### How to complete this task:
Reproduce from the records below, with no pictures, exactly the lines between the one containing "家用植物缓释肥通用型氮磷钾缓释片室内盆栽绿植花卉有机肥料批发图3" and the one containing "کفتر کبوتر بازی رسید", inclusive.

### Supplied entries:
- - - -

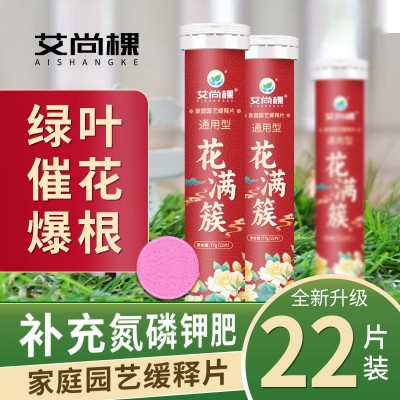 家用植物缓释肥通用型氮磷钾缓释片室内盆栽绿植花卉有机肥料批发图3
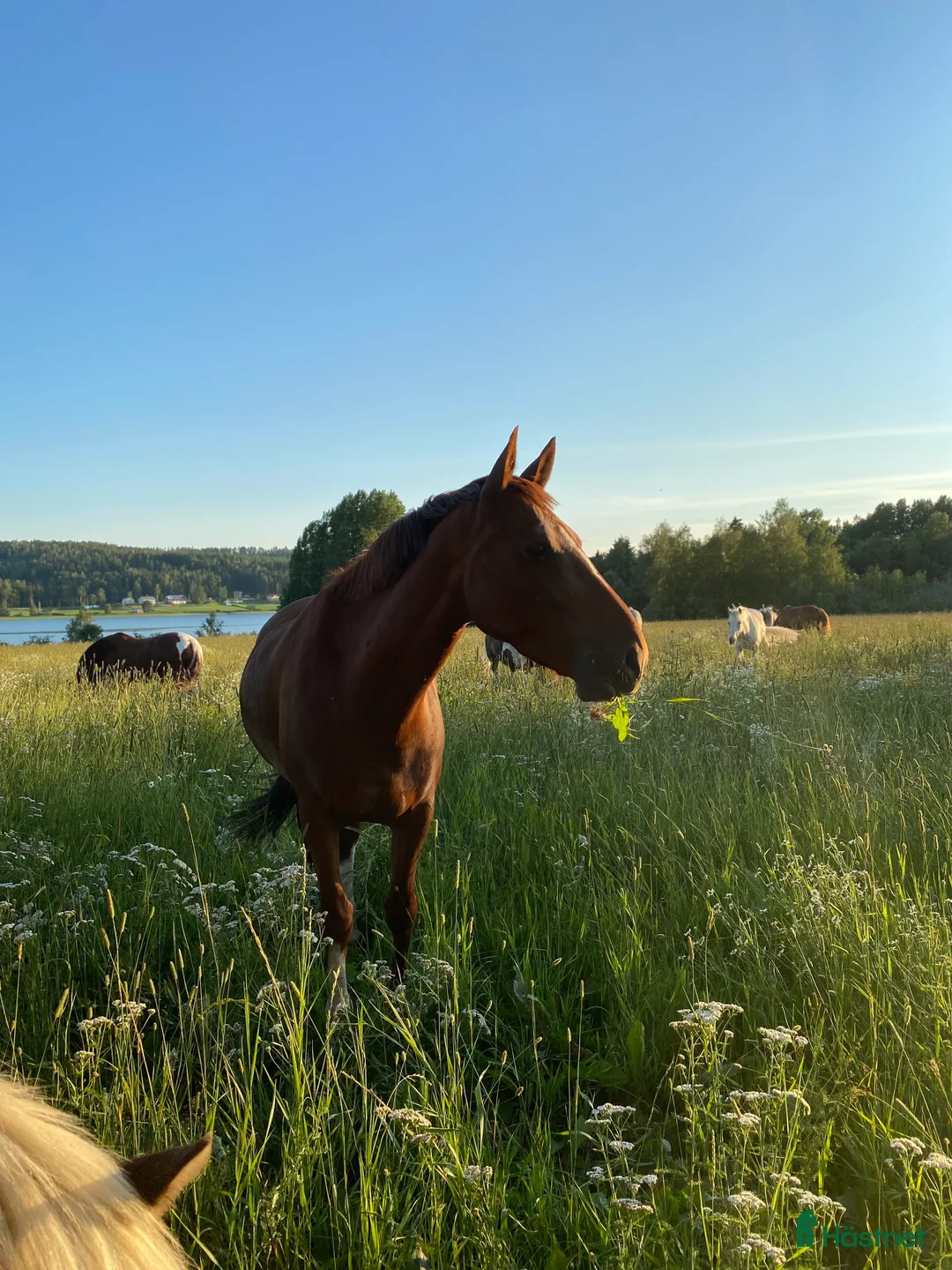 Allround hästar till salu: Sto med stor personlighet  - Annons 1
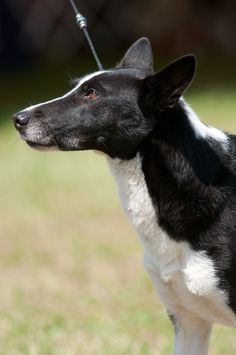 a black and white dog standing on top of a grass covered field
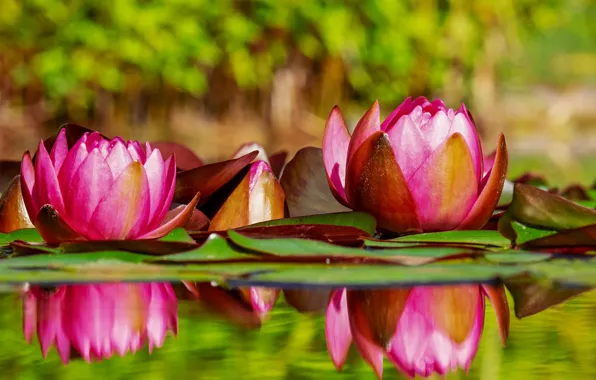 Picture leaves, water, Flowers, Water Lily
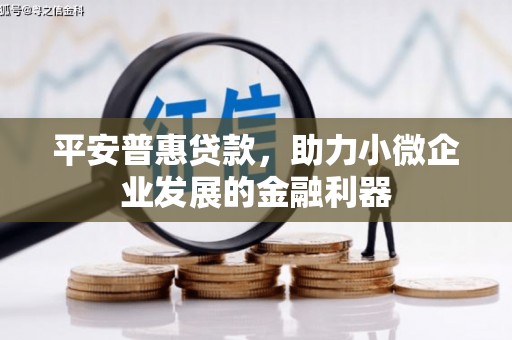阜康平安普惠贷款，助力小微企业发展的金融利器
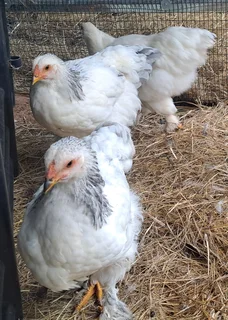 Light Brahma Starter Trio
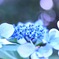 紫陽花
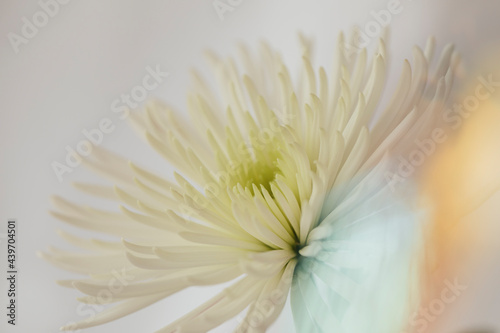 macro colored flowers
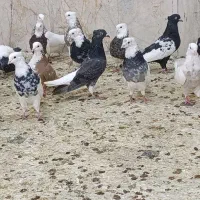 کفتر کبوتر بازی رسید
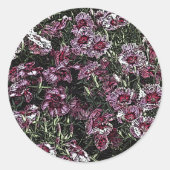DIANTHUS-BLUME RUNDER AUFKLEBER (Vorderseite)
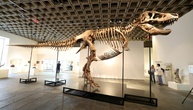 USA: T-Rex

- - - -

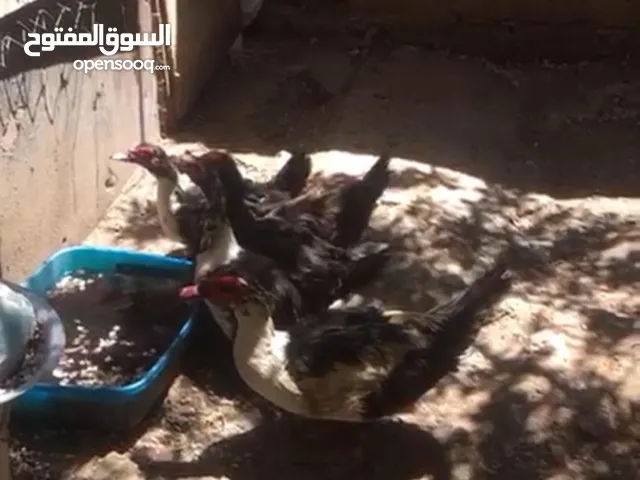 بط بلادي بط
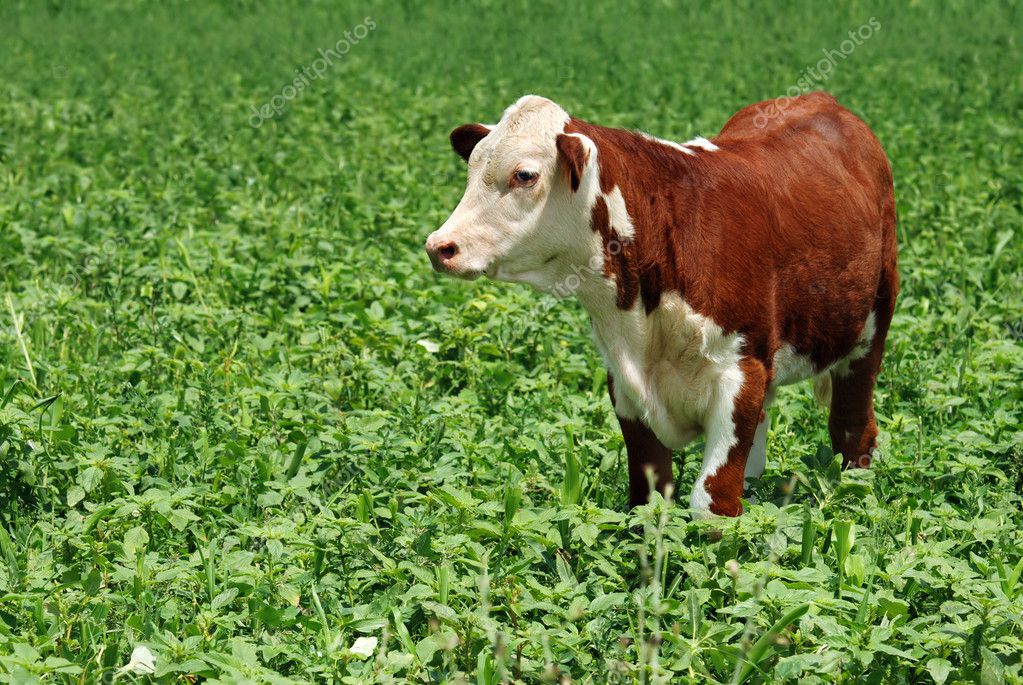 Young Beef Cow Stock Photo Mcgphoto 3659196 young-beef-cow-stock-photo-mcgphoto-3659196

- - - -

### Answer box:
 家用植物缓释肥通用型氮磷钾缓释片室内盆栽绿植花卉有机肥料批发图3
 Allround hästar till salu: Sto med stor personlighet  - Annons 1
 a black and white dog standing on top of a grass covered field
 Picture leaves, water, Flowers, Water Lily
阜康平安普惠贷款，助力小微企业发展的金融利器
 Light Brahma Starter Trio
 紫陽花
 macro colored flowers
 کفتر کبوتر بازی رسید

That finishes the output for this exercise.